MR. FLEISCHER: Again, there's nothing to report at this moment. And whenever we have something, you will get it and you will have it in full fashion.
Q: Are you denying that he's made a decision on it?
MR. FLEISCHER: Again, as you know, John, there are times when decisions are made, but there are some notifications, et cetera. And so, until everything is notified, I'm not going to get into this topic in any great length. But you will have information provided to you in its entirety as soon as all is available.
Q: You're not knocking down the story. You're not saying what's out there in the wires right now is incorrect?
MR. FLEISCHER: I'm saying that when the White House has something to report to you, we will report it. You will have it in a full fashion.
Q: Will the President make an announcement, or will it be on paper?
MR. FLEISCHER: Well, the President is going to be having an event tonight. As you know, it is a press pool event, so you are certainly free to ask the President anything on your minds.
Q: Is that expected today?
MR. FLEISCHER: I'm sorry, Jim?
Q: Do you think something today on this matter?
MR. FLEISCHER: I hesitate to make predictions as to timing. As soon as all timing is taken care of, it will be released in its entirety.
Q: Ari, when the House Speaker comes this afternoon, if he asks the President to pick up the phone and call House Republicans and to help Speaker Hastert defeat the campaign finance Shays-Meehan bill in the House, will the President do that? Will he actively lobby against that bill and help the Speaker who said yesterday he wants to kill that bill?
MR. FLEISCHER: First of all, I'm not going to deal with any hypotheticals for a meeting that has not taken place yet. But the President is prepared and willing to support legislation that will improve the current campaign finance system. The President believes that there is too much soft money in the system. He wants to abolish union soft money, he wants to abolish corporate soft money. He believes we need to have greater disclosure so the American people can know where the money that enters our campaigns comes from, so they can take that into account in their decisions as to how they want to vote.
There are a series of reforms the President supports. Those reforms that the President supports as principles are partially reflected in several of the bills that are moving on the Hill. And the President will continue to work with the Congress so the current system can be improved.

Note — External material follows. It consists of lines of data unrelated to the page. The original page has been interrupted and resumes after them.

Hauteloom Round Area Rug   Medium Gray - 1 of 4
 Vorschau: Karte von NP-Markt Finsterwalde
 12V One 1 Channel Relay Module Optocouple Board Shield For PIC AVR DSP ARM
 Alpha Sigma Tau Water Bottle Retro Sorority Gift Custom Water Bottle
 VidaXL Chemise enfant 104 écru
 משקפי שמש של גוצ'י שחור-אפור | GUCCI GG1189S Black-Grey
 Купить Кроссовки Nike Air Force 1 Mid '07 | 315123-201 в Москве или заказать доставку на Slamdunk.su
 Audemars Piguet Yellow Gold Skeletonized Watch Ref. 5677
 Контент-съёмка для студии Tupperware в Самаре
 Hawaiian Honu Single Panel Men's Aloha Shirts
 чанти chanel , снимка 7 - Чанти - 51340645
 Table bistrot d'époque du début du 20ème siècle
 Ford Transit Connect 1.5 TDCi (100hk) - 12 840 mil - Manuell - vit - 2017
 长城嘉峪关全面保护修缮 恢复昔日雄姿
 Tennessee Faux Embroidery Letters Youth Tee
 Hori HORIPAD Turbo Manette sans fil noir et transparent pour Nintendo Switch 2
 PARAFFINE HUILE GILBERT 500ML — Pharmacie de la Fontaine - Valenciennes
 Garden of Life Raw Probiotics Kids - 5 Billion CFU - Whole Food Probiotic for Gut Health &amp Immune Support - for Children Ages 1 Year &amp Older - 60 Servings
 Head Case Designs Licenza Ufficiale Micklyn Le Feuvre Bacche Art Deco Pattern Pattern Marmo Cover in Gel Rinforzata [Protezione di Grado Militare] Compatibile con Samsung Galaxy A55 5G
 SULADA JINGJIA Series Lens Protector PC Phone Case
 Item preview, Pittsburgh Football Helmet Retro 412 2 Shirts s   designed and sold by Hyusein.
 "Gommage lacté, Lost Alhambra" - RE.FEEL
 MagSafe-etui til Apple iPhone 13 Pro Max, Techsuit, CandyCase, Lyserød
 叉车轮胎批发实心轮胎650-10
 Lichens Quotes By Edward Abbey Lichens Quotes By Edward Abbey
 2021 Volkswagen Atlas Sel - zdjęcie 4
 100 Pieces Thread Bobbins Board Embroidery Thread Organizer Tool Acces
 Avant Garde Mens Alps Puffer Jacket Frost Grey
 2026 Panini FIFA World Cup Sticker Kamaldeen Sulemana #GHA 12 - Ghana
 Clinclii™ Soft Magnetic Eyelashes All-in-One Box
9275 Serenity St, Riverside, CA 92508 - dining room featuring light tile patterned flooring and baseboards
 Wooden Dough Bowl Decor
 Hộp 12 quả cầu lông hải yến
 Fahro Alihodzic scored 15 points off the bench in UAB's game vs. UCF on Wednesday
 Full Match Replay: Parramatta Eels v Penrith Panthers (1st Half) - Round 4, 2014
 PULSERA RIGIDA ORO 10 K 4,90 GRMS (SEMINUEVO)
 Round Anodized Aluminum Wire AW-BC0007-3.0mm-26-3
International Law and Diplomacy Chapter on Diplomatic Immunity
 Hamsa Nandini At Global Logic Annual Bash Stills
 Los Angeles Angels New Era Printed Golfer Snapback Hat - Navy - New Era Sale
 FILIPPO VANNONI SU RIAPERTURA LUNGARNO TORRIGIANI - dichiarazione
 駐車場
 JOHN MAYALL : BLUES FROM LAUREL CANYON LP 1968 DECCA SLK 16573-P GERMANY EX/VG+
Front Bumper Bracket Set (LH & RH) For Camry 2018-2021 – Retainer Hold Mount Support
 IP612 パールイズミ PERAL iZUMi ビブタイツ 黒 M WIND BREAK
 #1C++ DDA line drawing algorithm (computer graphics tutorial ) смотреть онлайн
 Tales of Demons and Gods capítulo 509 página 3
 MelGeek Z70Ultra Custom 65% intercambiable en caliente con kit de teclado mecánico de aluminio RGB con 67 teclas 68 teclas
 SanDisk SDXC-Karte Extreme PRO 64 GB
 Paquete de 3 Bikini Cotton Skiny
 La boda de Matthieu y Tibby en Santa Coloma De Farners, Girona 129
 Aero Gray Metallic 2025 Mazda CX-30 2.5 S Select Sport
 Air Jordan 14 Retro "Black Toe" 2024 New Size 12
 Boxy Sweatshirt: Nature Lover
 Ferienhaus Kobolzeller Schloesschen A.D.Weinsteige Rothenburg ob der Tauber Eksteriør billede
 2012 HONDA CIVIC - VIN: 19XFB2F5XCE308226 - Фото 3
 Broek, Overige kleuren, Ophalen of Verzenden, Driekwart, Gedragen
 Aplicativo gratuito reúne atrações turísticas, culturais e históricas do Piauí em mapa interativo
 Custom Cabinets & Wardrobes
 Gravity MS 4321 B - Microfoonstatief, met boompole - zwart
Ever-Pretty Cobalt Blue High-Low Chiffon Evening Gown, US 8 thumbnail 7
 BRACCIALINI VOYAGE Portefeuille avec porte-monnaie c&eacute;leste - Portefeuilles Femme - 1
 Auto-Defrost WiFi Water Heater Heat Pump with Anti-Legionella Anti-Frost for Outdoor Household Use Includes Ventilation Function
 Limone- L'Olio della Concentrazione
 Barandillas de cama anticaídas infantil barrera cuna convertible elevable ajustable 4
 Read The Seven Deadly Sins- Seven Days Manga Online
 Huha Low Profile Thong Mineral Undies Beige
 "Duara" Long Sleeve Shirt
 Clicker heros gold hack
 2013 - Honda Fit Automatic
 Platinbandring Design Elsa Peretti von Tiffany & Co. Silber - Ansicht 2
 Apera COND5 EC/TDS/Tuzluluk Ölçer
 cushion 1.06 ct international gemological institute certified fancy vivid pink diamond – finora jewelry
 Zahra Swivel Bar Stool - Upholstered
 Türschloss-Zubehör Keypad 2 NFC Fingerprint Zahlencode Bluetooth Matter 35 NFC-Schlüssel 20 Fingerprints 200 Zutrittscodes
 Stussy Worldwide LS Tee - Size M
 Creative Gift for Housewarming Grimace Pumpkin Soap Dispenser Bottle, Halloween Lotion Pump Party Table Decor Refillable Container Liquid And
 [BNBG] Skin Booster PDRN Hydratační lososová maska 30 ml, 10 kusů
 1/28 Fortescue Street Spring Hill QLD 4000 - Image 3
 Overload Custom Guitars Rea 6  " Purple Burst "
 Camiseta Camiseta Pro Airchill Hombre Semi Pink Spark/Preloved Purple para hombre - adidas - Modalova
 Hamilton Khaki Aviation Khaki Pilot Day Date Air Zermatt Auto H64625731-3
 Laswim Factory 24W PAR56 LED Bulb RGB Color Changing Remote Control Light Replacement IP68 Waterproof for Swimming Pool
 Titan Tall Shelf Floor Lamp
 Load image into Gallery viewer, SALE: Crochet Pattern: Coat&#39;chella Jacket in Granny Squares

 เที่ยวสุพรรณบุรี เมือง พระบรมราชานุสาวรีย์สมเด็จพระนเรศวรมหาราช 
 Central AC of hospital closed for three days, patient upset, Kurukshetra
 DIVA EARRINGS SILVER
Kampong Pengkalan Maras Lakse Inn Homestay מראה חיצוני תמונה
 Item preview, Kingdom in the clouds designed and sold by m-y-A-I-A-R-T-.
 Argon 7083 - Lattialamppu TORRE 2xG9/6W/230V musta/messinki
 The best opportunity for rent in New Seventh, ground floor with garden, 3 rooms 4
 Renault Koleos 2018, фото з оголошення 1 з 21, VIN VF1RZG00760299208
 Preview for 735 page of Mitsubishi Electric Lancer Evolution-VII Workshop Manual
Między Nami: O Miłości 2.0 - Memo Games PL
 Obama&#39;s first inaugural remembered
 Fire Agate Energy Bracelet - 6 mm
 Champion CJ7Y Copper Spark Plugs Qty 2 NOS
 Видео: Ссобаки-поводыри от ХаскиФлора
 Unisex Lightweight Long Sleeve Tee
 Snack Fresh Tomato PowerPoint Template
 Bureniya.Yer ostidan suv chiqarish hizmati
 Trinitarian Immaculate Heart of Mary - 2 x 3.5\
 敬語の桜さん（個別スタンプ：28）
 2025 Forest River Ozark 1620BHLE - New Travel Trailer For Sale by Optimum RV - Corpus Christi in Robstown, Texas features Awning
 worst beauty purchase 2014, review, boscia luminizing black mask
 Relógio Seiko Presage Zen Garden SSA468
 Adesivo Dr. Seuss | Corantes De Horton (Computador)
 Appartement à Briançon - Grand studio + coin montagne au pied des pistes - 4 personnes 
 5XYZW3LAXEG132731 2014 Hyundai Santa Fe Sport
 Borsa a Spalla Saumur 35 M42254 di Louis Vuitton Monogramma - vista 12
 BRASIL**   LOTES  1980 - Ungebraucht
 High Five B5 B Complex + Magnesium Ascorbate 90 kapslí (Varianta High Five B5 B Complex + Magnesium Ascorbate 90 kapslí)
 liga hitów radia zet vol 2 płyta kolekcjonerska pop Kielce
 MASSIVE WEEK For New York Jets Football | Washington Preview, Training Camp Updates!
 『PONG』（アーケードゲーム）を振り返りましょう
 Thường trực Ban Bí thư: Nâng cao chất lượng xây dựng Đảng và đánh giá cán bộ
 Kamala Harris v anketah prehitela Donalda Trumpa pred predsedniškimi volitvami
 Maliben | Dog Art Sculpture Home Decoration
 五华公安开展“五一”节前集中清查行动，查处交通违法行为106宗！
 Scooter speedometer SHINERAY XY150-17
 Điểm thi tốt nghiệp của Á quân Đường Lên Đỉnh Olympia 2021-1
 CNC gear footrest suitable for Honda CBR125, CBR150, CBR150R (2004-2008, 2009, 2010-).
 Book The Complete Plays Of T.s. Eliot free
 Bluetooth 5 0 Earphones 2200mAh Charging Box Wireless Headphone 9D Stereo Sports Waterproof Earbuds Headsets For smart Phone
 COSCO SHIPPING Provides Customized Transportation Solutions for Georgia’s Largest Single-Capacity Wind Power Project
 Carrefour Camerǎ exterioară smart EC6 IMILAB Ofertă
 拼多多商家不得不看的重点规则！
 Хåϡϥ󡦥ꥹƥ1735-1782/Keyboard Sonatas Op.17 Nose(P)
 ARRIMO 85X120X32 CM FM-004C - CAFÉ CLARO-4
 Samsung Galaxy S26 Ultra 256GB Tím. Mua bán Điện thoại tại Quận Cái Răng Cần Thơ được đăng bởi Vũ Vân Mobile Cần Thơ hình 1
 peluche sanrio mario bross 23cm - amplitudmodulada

Q: Yes, but Hastert has said that this bill is a life-or-death issue for the Republican Party. Does the President agree with that? And if he agrees with it to any extent, why won't he work against the bill?
MR. FLEISCHER: There have been many strong feelings expressed on both sides of this issue. And I can assure you, all those strong feelings have been brought to the President's attention directly and indirectly. And the signal that the President clearly sends, has sent, and continues to send, is that he wants to sign legislation that will improve the current system.
What I think is so different about campaign finance reform in the year 2002 is, for the first time in about 10 years or more, this debate is real, because they know there's a President who's prepared to sign something if it improves the system. In the past many years, with divided government particularly, Democrats in Congress when President Bush was there always pushed for something they knew former President Bush would never sign. President Clinton always pushed for something he knew Congress would never go along with.
This year, it's real. This year is meaningful. And the President hopes that Congress will send him something that he can sign, because he wants to get the job done and reform the law.
Q: Does he think this improves the system? Does he think Shays-Meehan improves the system, or not?
MR. FLEISCHER: As I indicated, the Shays-Meehan bill and many other bills partially reflect the President's principles. That doesn't entirely reflect the President's principles. But there are some things in there that do. There are some things in there that clearly do not.
Q: So he wouldn't sign it then?
MR. FLEISCHER: Well, again, it hasn't even made its way through the House yet. And so the exact process is undetermined. There may be amendments in the House.
Q: Isn't it easy for you to stand up here and say the President would love to sign something that improves the system, when you know full well that he doesn't support this, and wouldn't support this?
MR. FLEISCHER: David, it's never easy for me to stand up here and say anything.
Q: I know, but let's answer the question. (Laughter.) Can you answer the question?
MR. FLEISCHER: What's your question?
Q: It's easy to say that he would sign something that improves the system, when you know and he knows that he doesn't support this. He doesn't think it improves the system.
MR. FLEISCHER: As I indicated, there are many bills that partially reflect the President's principles. Shays-Meehan, for example, differs with the President's principles in that the President thinks individuals should be allowed to contribute soft money to campaigns, because that is money that they give on their own volition. It's not coerced, it's not forced, it's not removed from their paychecks the way money is taken from union workers, for example, and put into a political cause.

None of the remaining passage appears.